Understanding Embeddings from First Principles

Hi there! I'm Shrijith Venkatrama, founder of Hexmos. Right now, I’m building LiveAPI, a first of its kind tool that scans git repositories from github/gitlab/bitbucket for API endpoints using AI, and provides a fast API search on top of it.

Embeddings are everywhere in modern machine learning—powering recommendation systems, natural language processing, and even image recognition.

But what are they, really? If you’ve ever wondered how to go from raw data to those magical numerical vectors, this post is for you.

We’ll break down embeddings from first principles, with code examples, tables, and practical insights to make it all click. No fluff, just the good stuff.

Let’s dive into what makes embeddings tick, why they’re useful, and how you can build them yourself.

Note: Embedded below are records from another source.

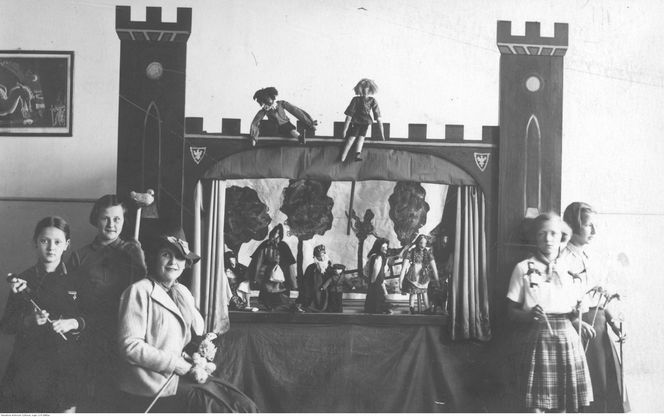 Tak wyglądały bydgoskie szkoły ponad 100 lat temu. Na archiwalnych zdjęciach widać uczniów uczących się pisać na maszynach, szkolne gabinety lekarskie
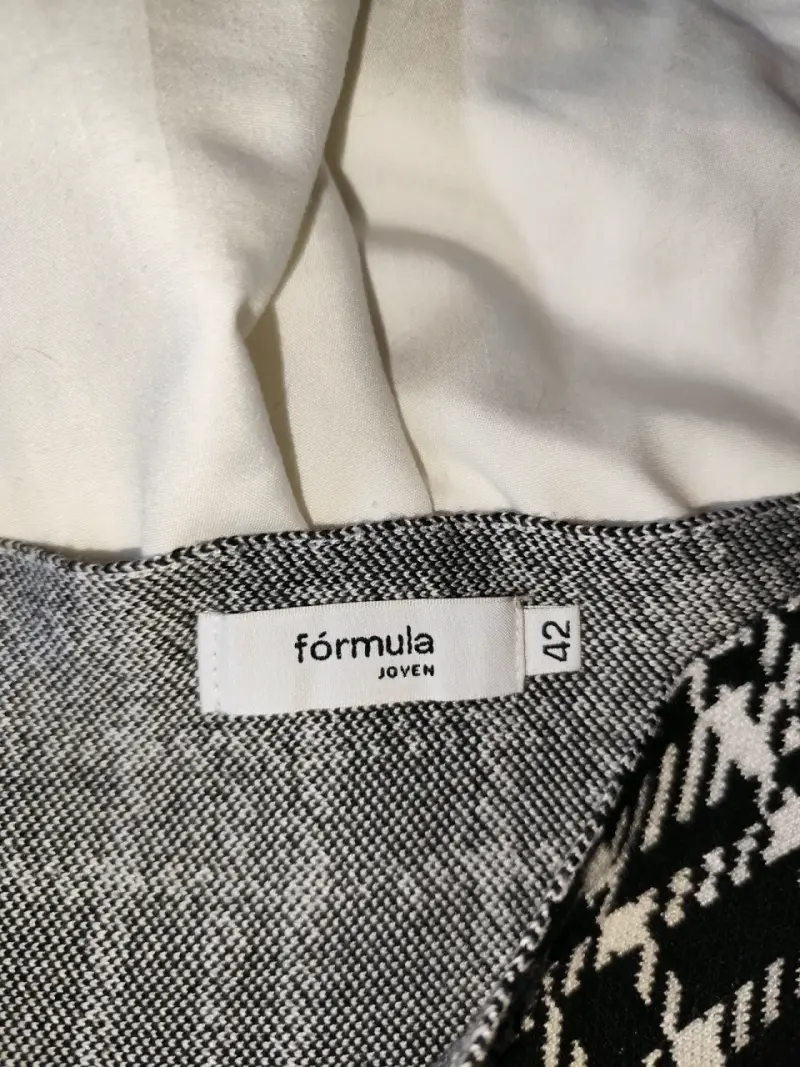 Falda cuadrille blanco y negro Fórmula,  talla 42 - 4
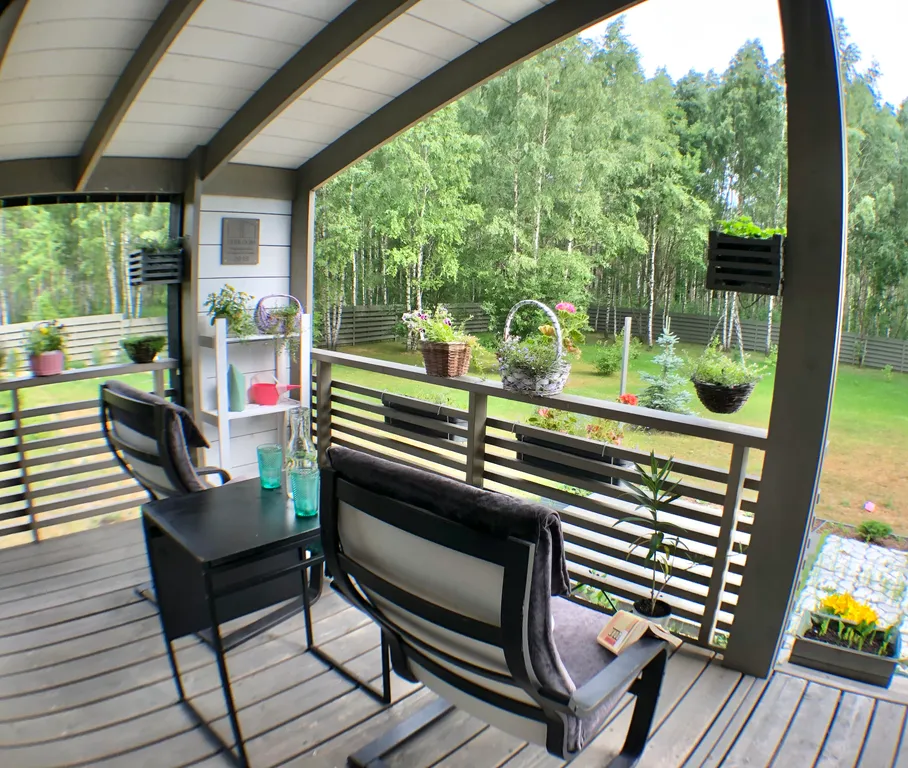 Коттедж Дом на прилесном участке в окружении реки — Горки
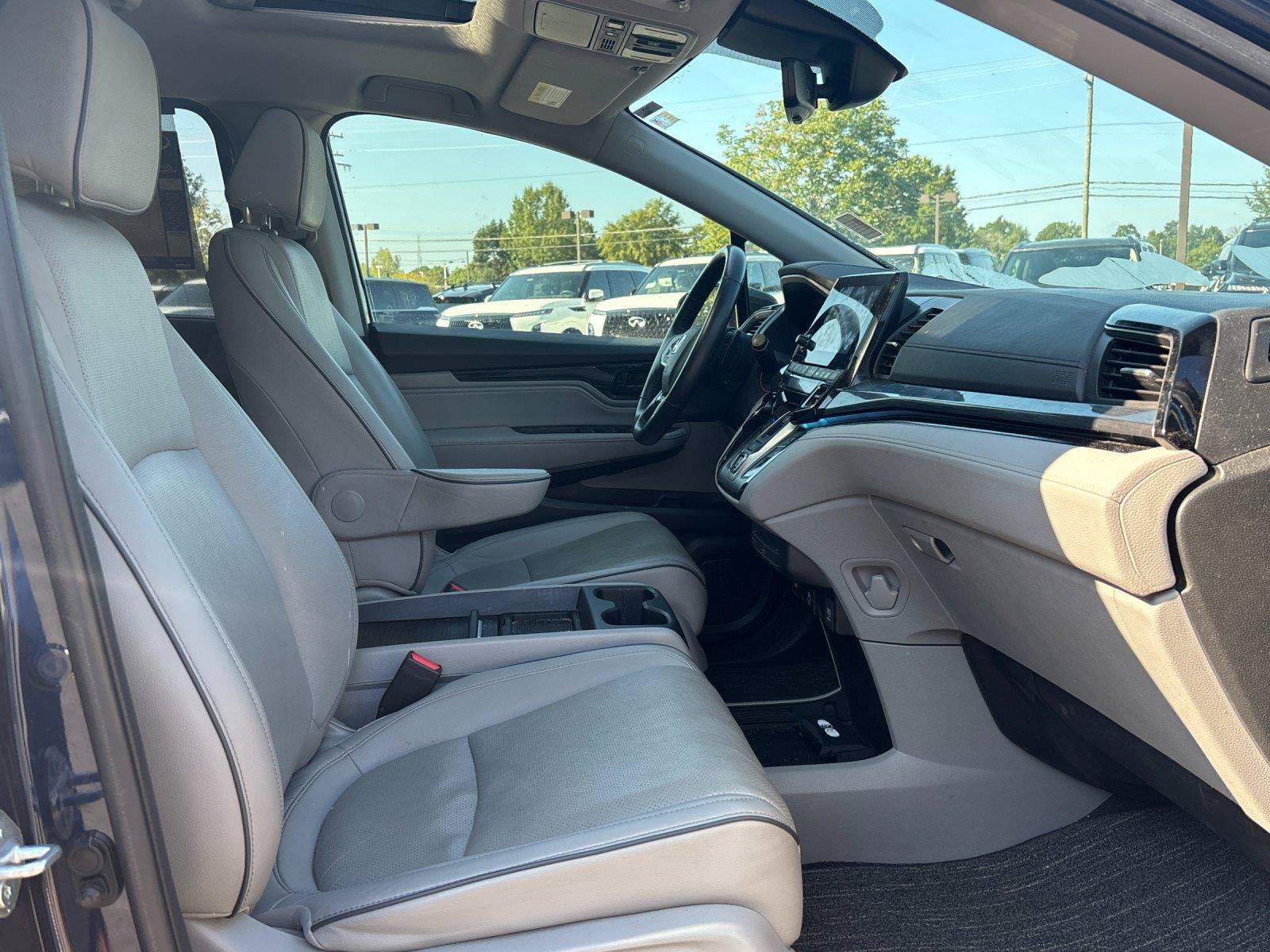 Used 2022 Honda Odyssey Elite image 39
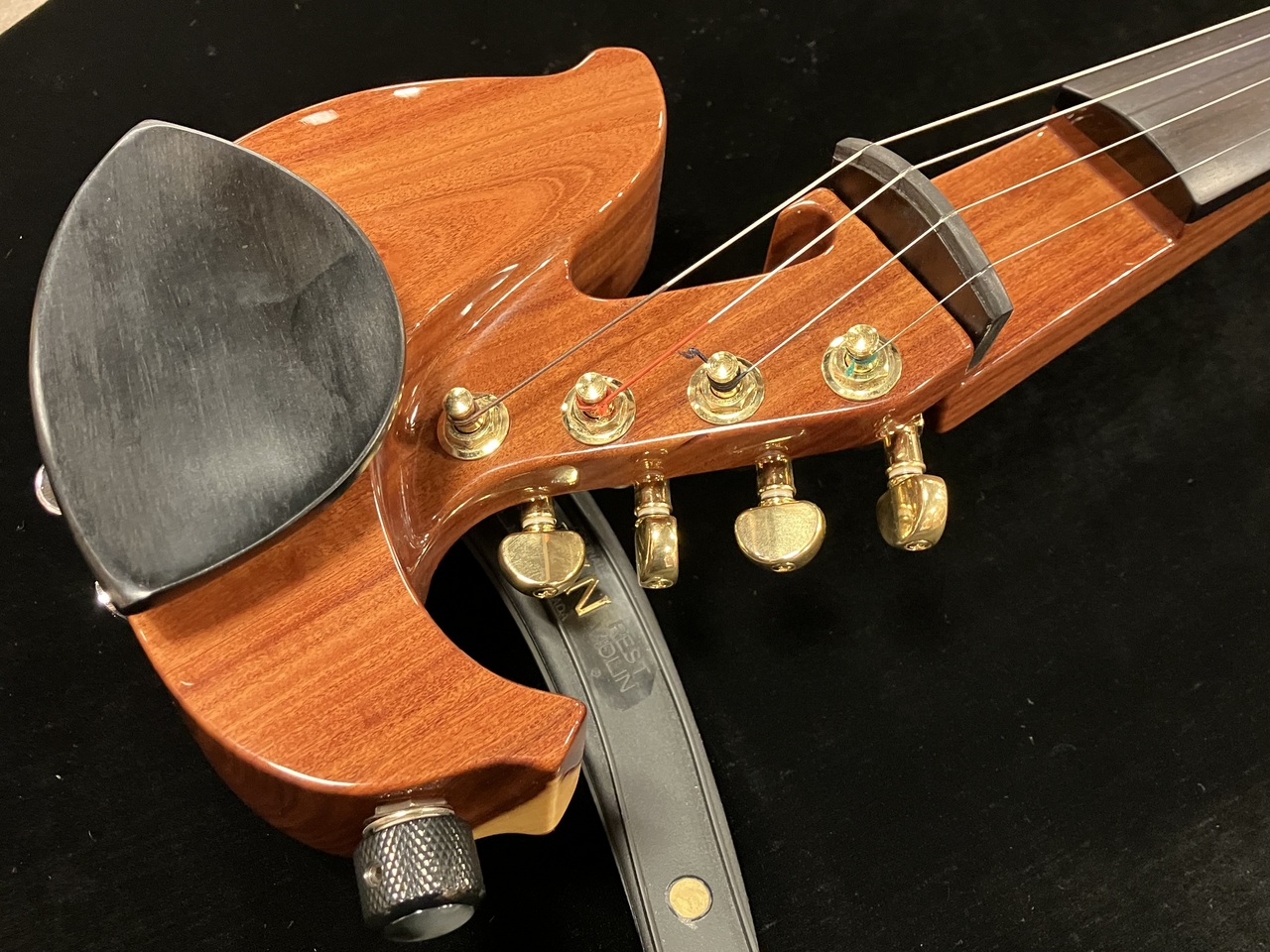 Jordan Electric Violin 《 Mulga Wood 》[4string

What Are Embeddings, Anyway?

An embedding is a way to represent complex data—like words, images, or user preferences—as dense numerical vectors in a lower-dimensional space. The key idea is to capture the meaning or relationships of the data in these vectors. For example, in a word embedding, “cat” and “kitten” should have vectors that are close together because they’re semantically similar.

Why this matters: Instead of working with raw text or high-dimensional data, you get vectors that are easier for machine learning models to process. Think of embeddings as a translator that turns messy real-world data into something a computer can crunch.

Here’s a quick example:

Raw data: The word “cat”.
Embedding: A vector like [0.23, -0.15, 0.89, ...].

Data Type	Raw Form	Embedding Example
Word	“cat”	[0.23, -0.15, 0.89]
Image	Pixel grid	[1.2, -0.4, 0.7, ...]
User	Purchase history	[0.5, 0.1, -0.3, ...]

Learn more: Check out this intro to word embeddings for a quick primer.

Why Do We Need Embeddings?

Machine learning models love numbers, but real-world data like text or images is messy. Embeddings solve this by mapping data to a continuous vector space where relationships are preserved. For instance, in a good embedding, the vector for “king” minus “man” plus “woman” should be close to “queen”.

Key benefits:

Dimensionality reduction: Turn high-dimensional data (like a 10,000-word vocabulary) into compact vectors (e.g., 300 dimensions).
Semantic similarity: Similar items are closer in vector space.
Generalization: Models can handle unseen data better by leveraging these relationships.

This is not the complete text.